I really enjoyed writing that last article. I’ve been getting such great criticism from everyone so I figured I would get back at it. I just wish that you guys would comment on some articles, maybe retweet/share? I said in the first post that this blog can be greatness if we get some war stories or conundrums that need solving from the readers. I know you’re reading the god damned words. I have a site tracker. It’s like I have 200 trolls every time I post. Just lurking in shadows like some sort of vulture-like date rapist. Yeah, I called my own fan base vulture-like date rapists. I’ve got stones.
Anyway, there’s me pathetically opening up the article. Next step is presenting the topic. The topic? Sex. This is something that I tried to avoid because sex is such a dumb topic. Every dude thinks he’s THE man with a Mandingo sized schlong that dicks every bitch down and makes them scream in pleasure while every girl thinks she’s some sort of prude choir girl librarian that has yet to pop her maidenhood.
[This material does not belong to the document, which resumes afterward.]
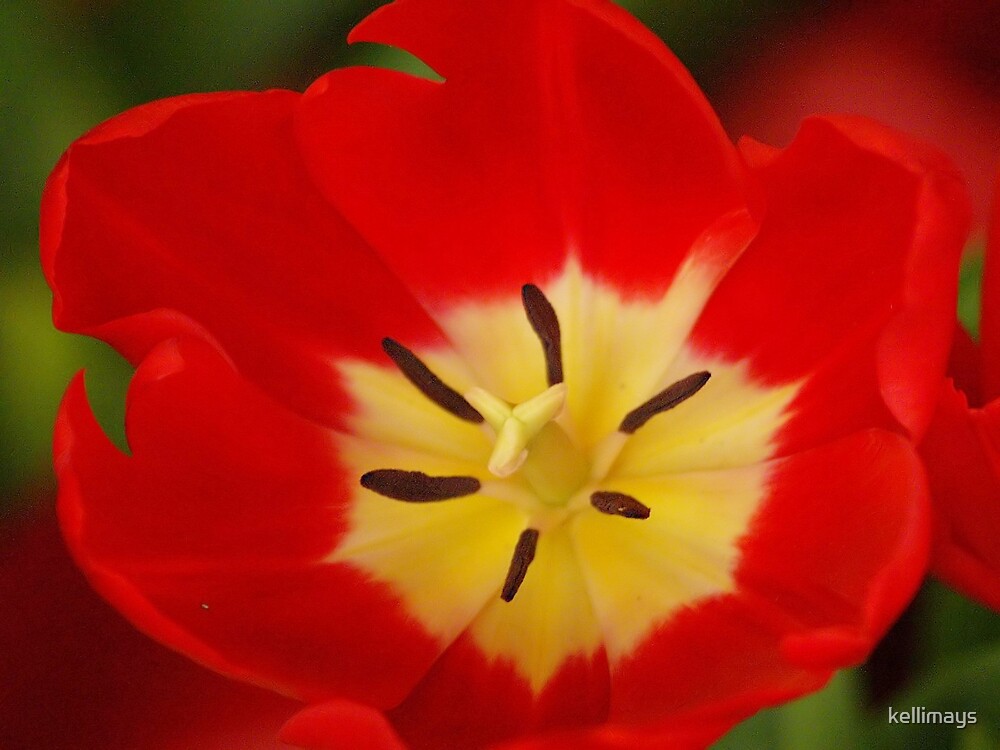 "Center of a Pink Tulip fully bloomed" by kellimays Redbubble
So let’s get down and dirty on the topic of getting down and dirty. Join me after the jump..
I’m not going to say that I know exactly what I’m doing and can get any girl off whenever I feel like it. I promise you I won’t do that. I’ve had women on 2 occasions tell me to just give up because they can’t get off from penetration. I’ve heard this is common, but then again…I’m paranoid, cynical and self-loathing enough to think it’s me and that I’m the problem. The same way as if a girl would act after a night of heavy blackout drinking followed by sex and you don’t explode in 7 shaft pumps, she won’t think she’s pretty.
“IS THAT IT?!! AM I NOT PRETTY ENOUGH FOR YOU?!?” I would yell at these women, but they would promise me that I was pretty and I would stop crying. Anyway, does that condition even exist? Is that why those girls were such miserable bitches? They couldn’t orgasm? Is that just a myth? Like civil rights?
Then I would go on the internet and research the clitoris and all those mythical punching bag vagina parts that need to be touched. I’m like Lewis from Revenge of the Nerds. So I did become an expert on the topic, quickly. However, after reading about the Force, I still can’t control things through telepathy. So I’m well learned, well-practiced but not at 100% success rate. So you just can’t read about things and master them. Right, young padawan?
Plus I’m a selfish jerk. Some guys try to name all the Yankees, some people picture their grandma naked… That’s not me, that costs extra.
But again, I don’t know who my readers are. Should I be talking about “How to get laid” or should I be talking about “How to fuck properly.” And whose fault is that, you guys?
There are people out there that would consider “Hitting the clitoris” like “Hitting Bigfoot with a stick” but those little boys are not as experienced as you or I.
My first piece of advice in all of this pointless banter and insane ramblings of an insane person is: Get Amnesia. Seriously. Don’t become a scripted sexer. It won’t work out well for you. Don’t get used to fucking one way because every girl is going to be different. It’s like mastering the controls of Assassin’s Creed only to find out that the next game has different controls. How’s that for comparisons? Boom. Vagina to Assassin’s Creed. I’m the king of writing. Amnesia can be useful ask any quarterback or comedian.
I guess with anything, practice makes perfect but unless a girl just literally can’t stop sucking dicks then you might not be able to practice the sex. That’s why some research helps. Don’t pick up your techniques from porn. Girls don’t like a fleshy jackhammering and hitting. I think? Those ladies in the video seem to enjoy it. But then again, someone with Stockholm syndrome loves their kidnappers.
After 700 words, I think the best thing I can say is learn what she likes. She will be dropping hints because most girls do not come out and say what gets her hot. Girls are a shy creature by nature. She’s not going to be like “Choke me and tell me I’m not pretty” but there will be clues. You just have to look and listen.
Before you yell “Bro, you listen to chicks, bro? That’s gay.” I have to add that listening is the only way you can please your lady. Talking is like drugs to them. I’m not saying that you have to sit there and listen to all the pointless dribble of what co-worker is a slutty bitch but when she actually starts talking actually listen.
Recap: Get Amnesia. Don’t learn from Porn. When she actually starts talking, actually listen. Did we have a nice time in school, kids?